Each Is() call currently rebuilds a rego.PreparedEvalQuery from the runtime's
compiler and store, including ast.ParseBody / ast.ParseRef for the query body.
The prepared query is a pure function of the policy path, the decisions list, and
the active OPA compiler — all stable between bundle reloads — so we can memoize it.

This PR adds a small preparedQueryCache (sync.Map + singleflight) on
AuthorizerServer that holds prepared queries keyed by (policy_path, decisions).
Cache invalidation is wired via plugins.Manager.RegisterCompilerTrigger, which
fires on bundle activation / discovery update / any compiler rotation, so a policy
change is reflected on the next request.

Why

Under sustained concurrent load, every goroutine inside Is() repeats the same
parse + plan work and contends on the OPA compiler's internal locks. The cache
removes that duplicated work entirely on the hot path — typical Topaz deployments
see only a handful of unique (path, decisions) tuples across millions of calls,
so the cache is read-mostly and the lifetime of each entry is the lifetime of the
bundle.

Benchmark

Stub iap.egress.http policy (allow := true for two test inputs, no
directory lookups), native Go gRPC client to port 8282 (bypasses the REST
gateway), Apple M-series Mac (12 P-cores). Each row is a 3-second
fixed-time run; numbers below are the median of 3 back-to-back runs after a
100-call warmup. p50 latency is per-call, measured client-side.

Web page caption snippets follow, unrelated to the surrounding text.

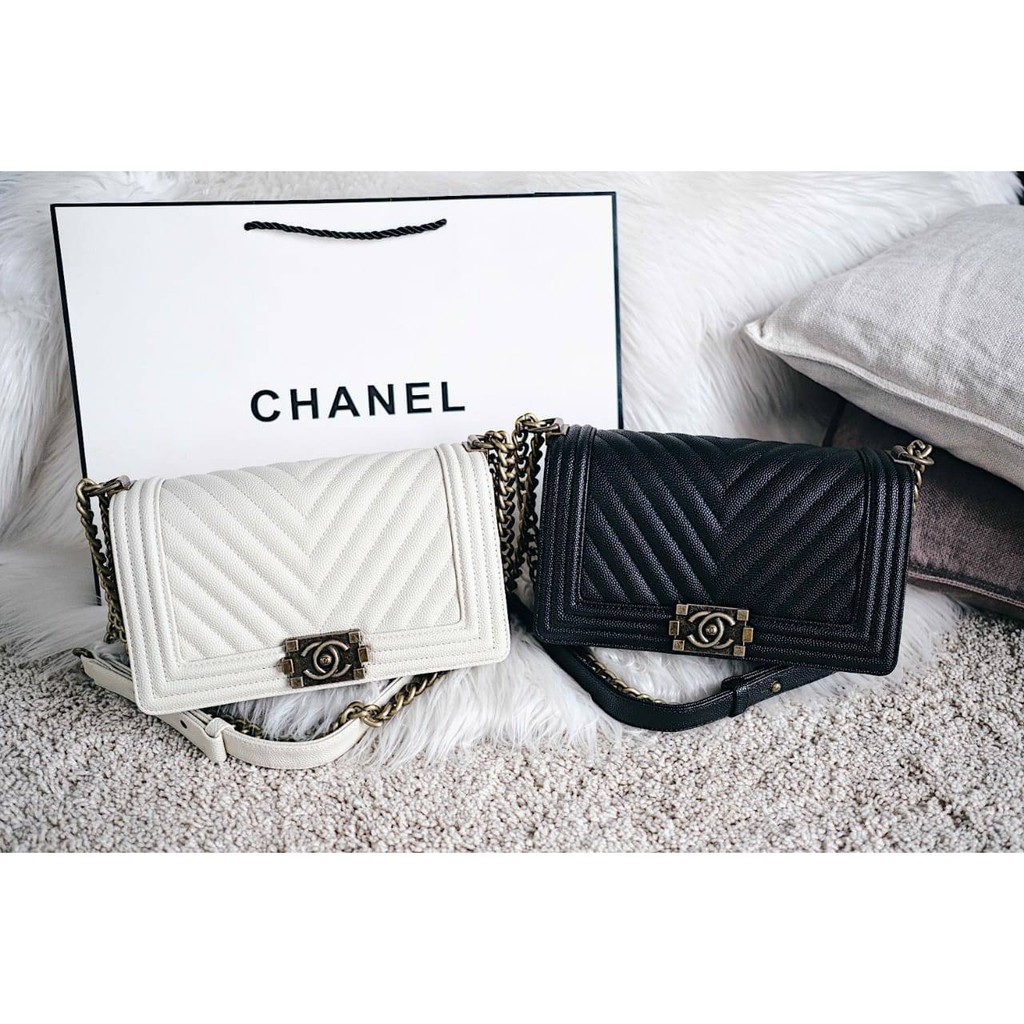 Chanel Boy Chevron Caviar Flap Bag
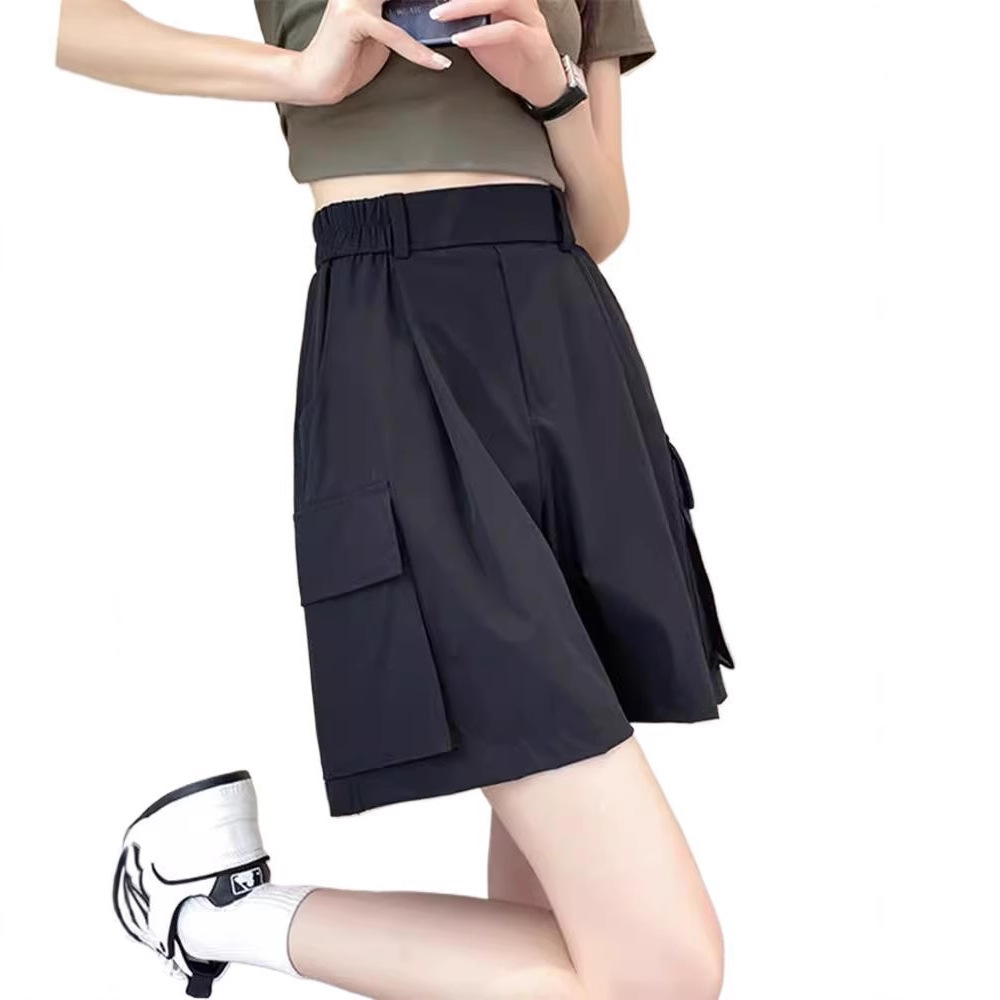 パンツセットアップ ポケット付きハイウエストショートパンツ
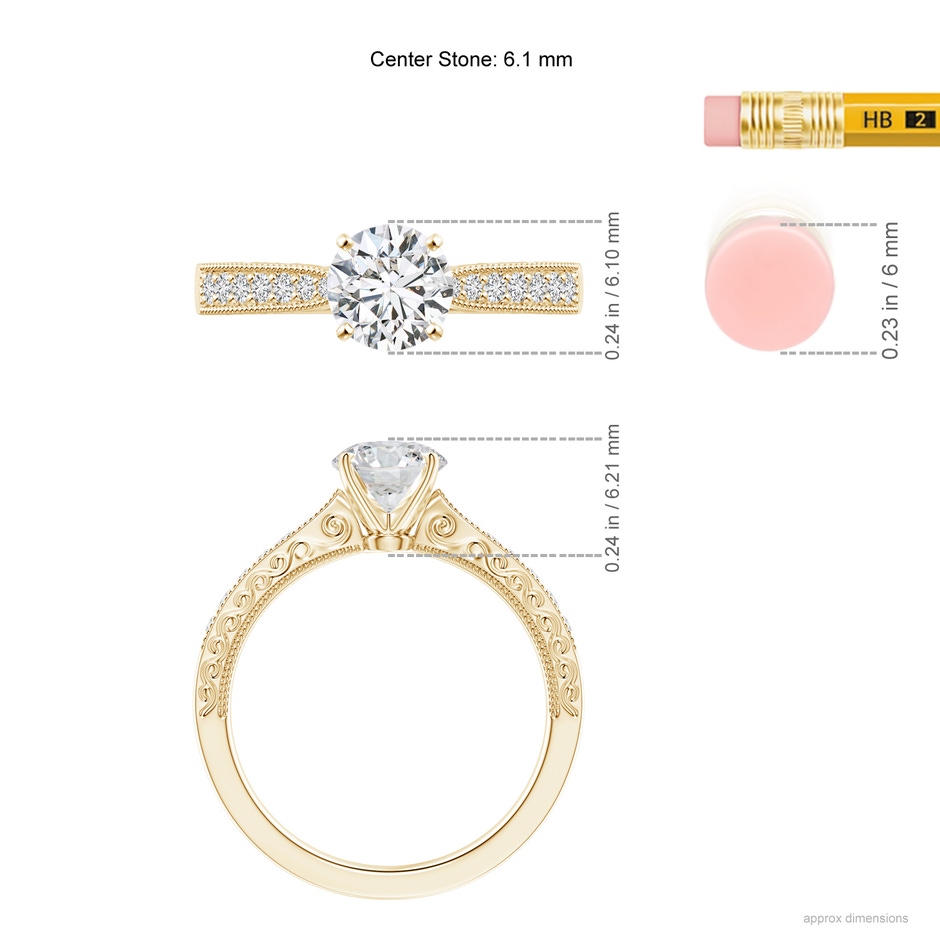 6.1mm HSI2 Diamond Solitaire Engraved Engagement Ring with Accents in Yellow Gold ruler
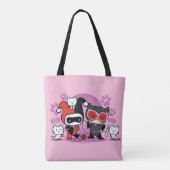 Chibi Harley Quinn & Chibi Catwoman mit Katzen Tasche (Rückseite)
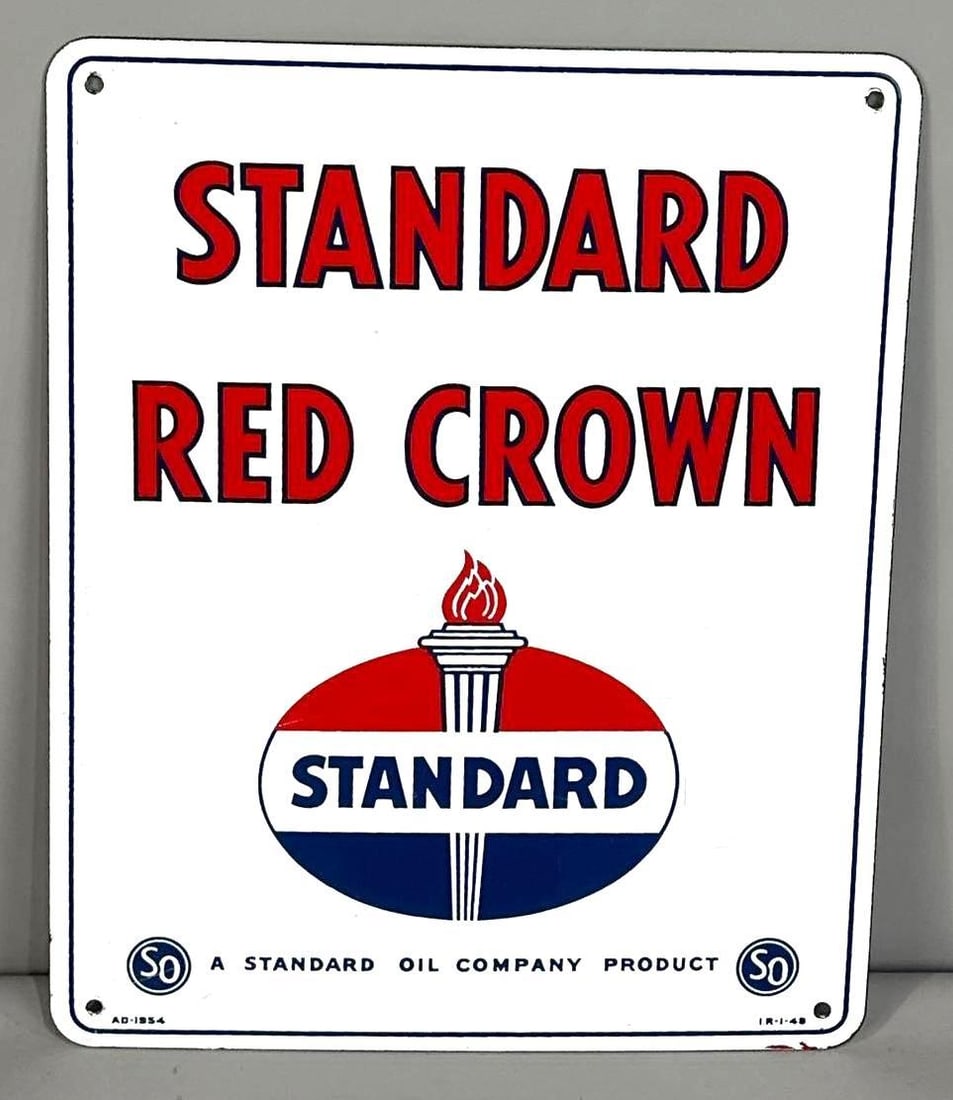 Standard Red Crown Porcelain Pump Plate Sign: (Rated 9.0). 12" x 15". This SSP sign has very minor staining and more notable surface scratching in the field. Marked, "I.R.-48." Rarity 1. TAC # 062204'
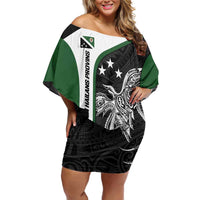 Personalised PNG Western Highlands Province Off Shoulder Short Dress Bird of Paradise Tattoo Flag Motif LT9 Women Green - Polynesian Pride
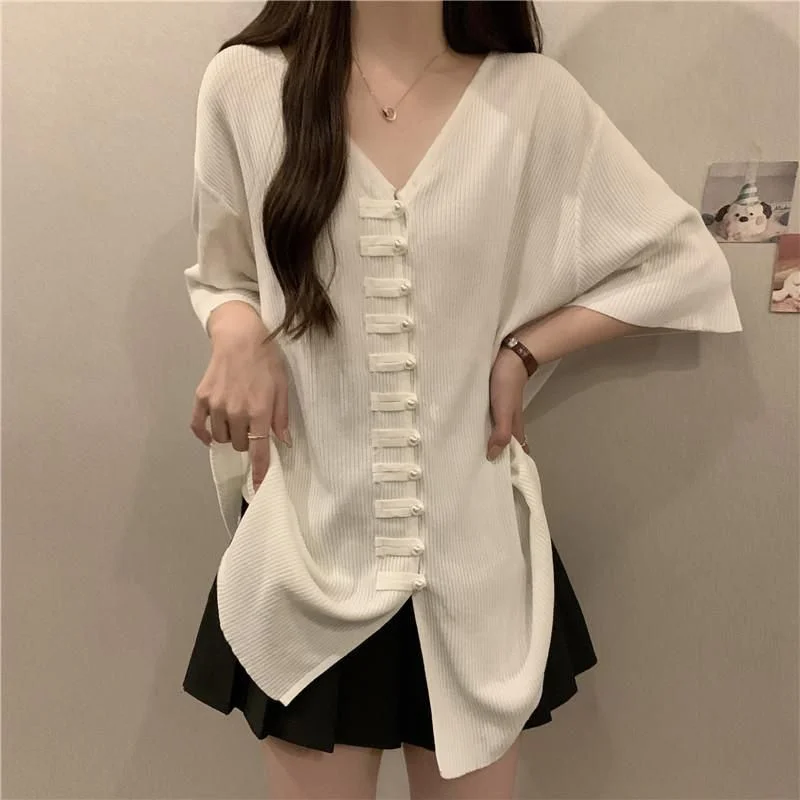 

Женская летняя футболка больших размеров (до 300 фунтов), повседневная, с V-образным вырезом, коротким рукавом, омолаживающая, в стиле INS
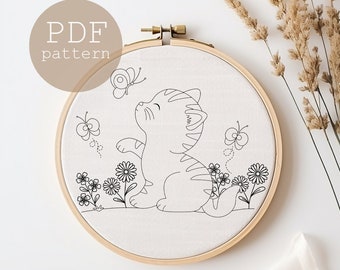 Cat Floral Embroidery Pattern, DIY Kitten Silhouette (PDF Pattern)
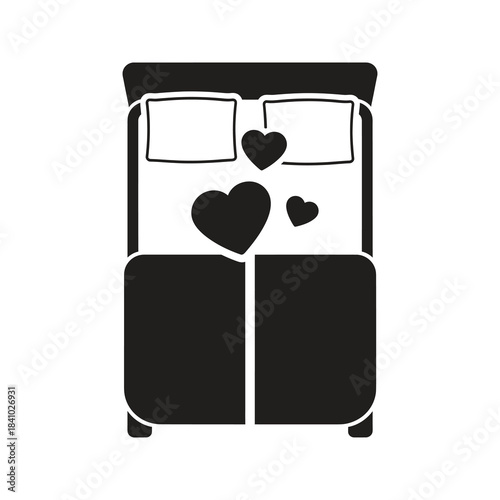 Romantic double bed silhouette icon featuring floating hearts symbolizing honeymoon suite love and marital bedroom furniture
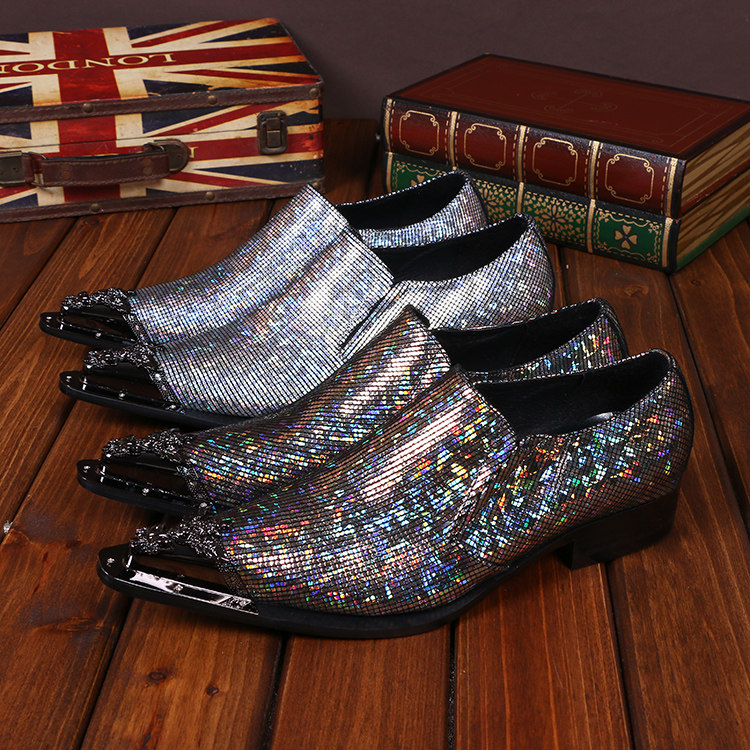 Foreign trade national windskin shoes white English Han version of pointed men's leather men shoes tip shoes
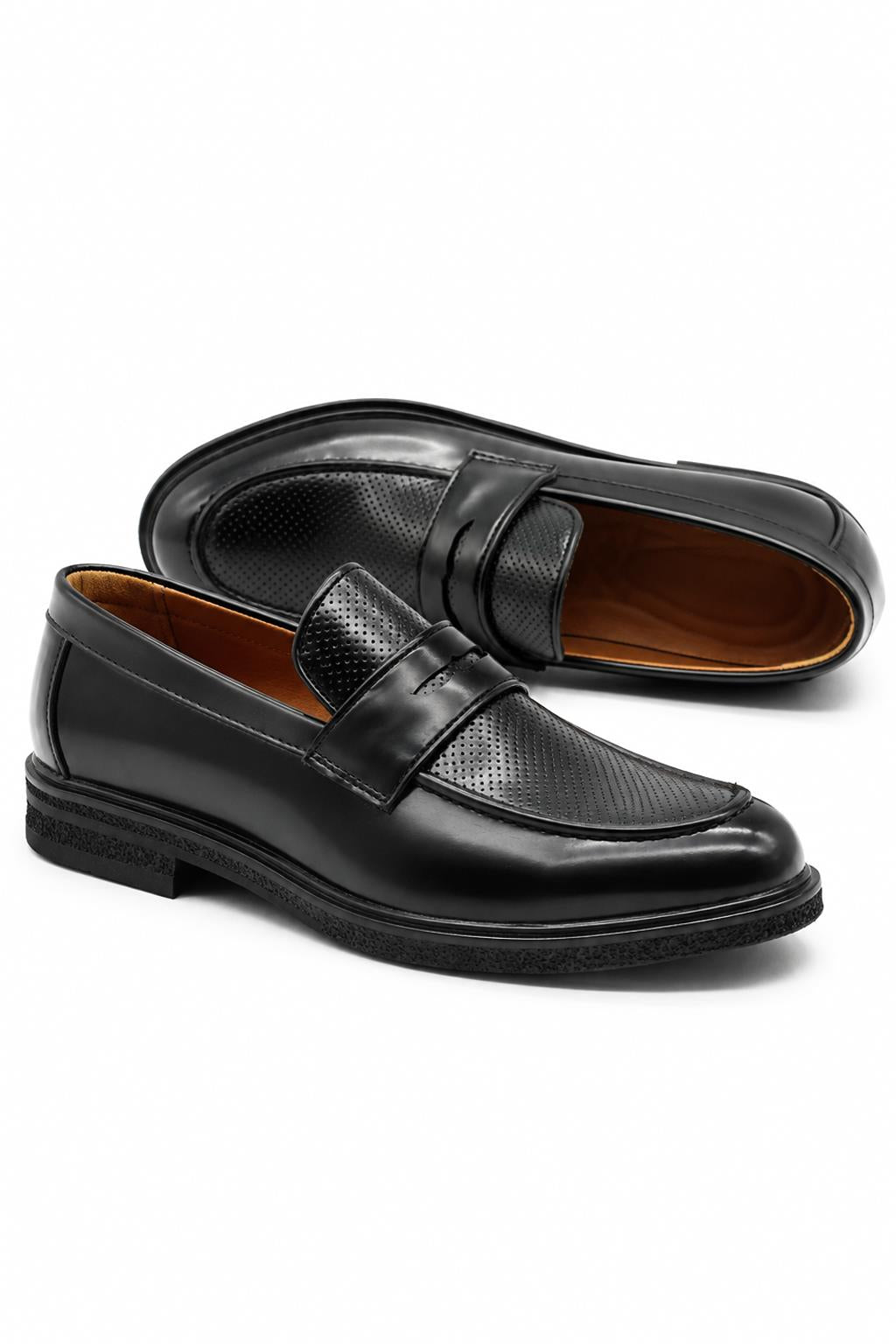Men’s Black Patent Pin-Dot Penny Loafers Sartorial Shoes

concurrency before rps after rps gain before p50 after p50
1 7,803 11,517 +48% 113 µs 77 µs
2 12,885 19,545 +52% 121 µs 83 µs
4 18,474 28,831 +56% 153 µs 110 µs
8 23,880 37,572 +57% 284 µs 173 µs
16 29,929 46,980 +57% 522 µs 301 µs

Implementation notes

  • preparedQueryCache.entries is a sync.Map keyed by a stable string
    derived from the policy path and the ordered decisions list (separators are
    ASCII \x1f / \x1e, neither of which appear in valid Rego identifiers).
  • singleflight.Group collapses concurrent misses on the same key into one
    PrepareForEval call, so a thundering herd on first use of a new
    (path, decisions) tuple doesn't multiply work.
  • ensureCompilerWatcher registers the invalidation hook lazily on first
    use — exactly once per *plugins.Manager. The hook drops the entire cache
    when the compiler is rotated; bundle reloads are rare relative to Is()
    rate, so we don't try to be more precise.
  • Errors from the factory (e.g. PrepareForEval failures on a malformed
    request) are propagated and not cached, so a transient failure doesn't
    poison the cache.
  • The factory closure captures policyPath and decisions by reference; the
    shared parsing helpers in aserto-dev/runtime (ValidateRule,
    ValidateQuery) are still invoked, just inside the factory rather than on
    every request.

Tests

  • TestCacheKey: key derivation is order-sensitive on the decisions list,
    distinguishes paths and decision lists correctly, and is stable for inputs
    that contain edge-case characters.
  • TestGetOrPrepare_CachesAndDedupes: factory runs at most ~once across 200
    concurrent goroutines for the same key; subsequent calls hit the cache
    without invoking the factory; a fresh key still triggers exactly one
    factory call.
  • TestGetOrPrepare_FactoryError: factory errors propagate to the caller
    and are not cached.

All three pass. Existing tests in topazd/authorizer/impl/ still pass.

Compatibility

  • No API change.
  • No config change.
  • No new dependency: golang.org/x/sync/singleflight is already a transitive
    dep through OPA / grpc-go.

What this PR does NOT solve

This PR removes one of several CPU costs in the per-call path. It does
not deliver linear concurrency scaling — Topaz still scales sub-linearly
under N-way concurrent load. To document this honestly for reviewers, here
is the full investigation that informed this PR:

Profiling under sustained 16-way load (after this PR's cache)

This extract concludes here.